Even that’s the case with beer and wine in Texas, where spirit sales are pretty regulated. If you want mass market beer/wine and a very limited selection of national-brand craft beer/imported wine and a few hyper-local beers, your grocery store is the place to go. Otherwise, a specialty grocer or liquor/beer store is the way to go for more interesting craft brews and hard-to-find things, like Hungarian wine, for example.
In the context of pharmacovigilance, “Statistician” is a more expansive job than just doing statistics.
If anything, Automatic Statistician would not replace biostats experts. It’d end up being the tool they use, rather than the (rather expensive) ones they now use.
Actually, I think a few travel agencies will survive, but will be very specialized.
Two years ago, for our honeymoon, my wife and I used a travel agent recommended by a friend because he could beat the best flights we could find using a plethora of flight search engines (kayak, expedia, hipmunk) for about an hour. His price was about ~$50 each better even after his fee was included. Next time I have to plan a flight more complicated than 3 legs, I’m just calling him. Sure, the tools to search for and book flights are generally available, but there’s still room for skilled users to make a premium on them.
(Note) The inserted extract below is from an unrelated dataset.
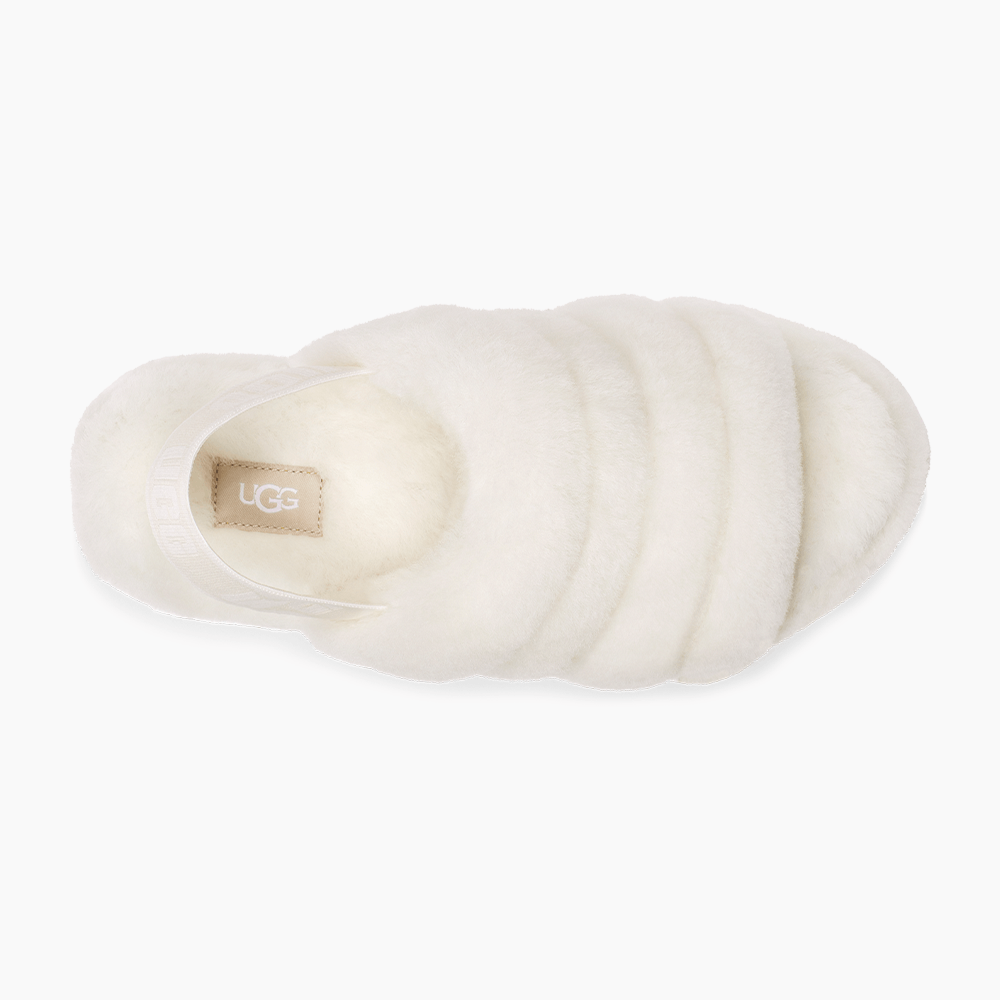 image_b301ce2d-e0a0-47de-80af-87f67ebaeda0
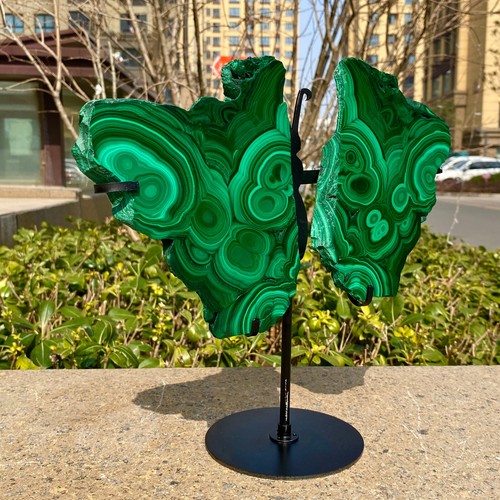 4.46LB atural malachite craft Butterfly Wing Quartz Skull Carved Crystal +stand - 第 6/13 張圖片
I think most retail clerk jobs are on the chopping block. You can already see stores experimenting with self checkout and self ordering, and some places (Apple?) you can just pick something up, buy it on your phone, and walk out. With the increasing crunch on retail from online stores, I expect that it won’t be long before most brick and mortar stores have one employee on duty where there used to be five.
Agreed that California disproves the claim that liquor stores only exist because of blue laws. We have at least 4 basic types of retail stores that sell alcohol: Normal grocery stores; Small Convenience/Liquor stores that sell alcohol, cigarettes, a smattering of food; big box alcohol stores like BevMo with a huge selection that are about as big as a grocery store, but just booze, and specialty wine/beer shops that do tastings and things as well.
Not even low end jobs. I think many more mid-level highly-skilled jobs are disappearing than people realize. Speaking as someone who used to be a system engineer, I remember the days (around a decade or so ago) when a sysadmin could manage around a handful of servers. I saw that ratio changing just as I left the field and heard about sysadmins managing a hundred or two servers. Just as I left the field they were starting to sell businesses on the concept of “lights out data centers”, which meant that the machines could be managed remotely. Today? I don’t know any numbers, but I see them building enormous data centers in my area and there aren’t that many job openings for sysadmins as you’d expect to see working in buildings of that size. I suspect that a few sysadmins are now managing several thousand servers at a time!
Big Box stores may end up automating out most of their store clerks, but it will take a while. At the moment, there are several warehouses, esp. for online shipping companies, that have moved to a robot model. The worker presses buttons depending on what they need, and there are a large number of robots that grab stock from shelves and bring it to them. If anything is damaged, they can request them to bring a replacement.
This model works just as well for Wal-Mart. Have a bunch of kiosks where people press some pictured buttons based on what they need and it comes to them. The only thing that will be awkward about this is how they’d do dressing rooms for clothes, but other than that, it’s really cost and time efficient.
At that point all you really need clerks for is to remove robots that malfunction and unpack stock from boxes (and depending on how deep this rabbit hole goes, even unloading and unpacking the stock from trucks in theory could be automated).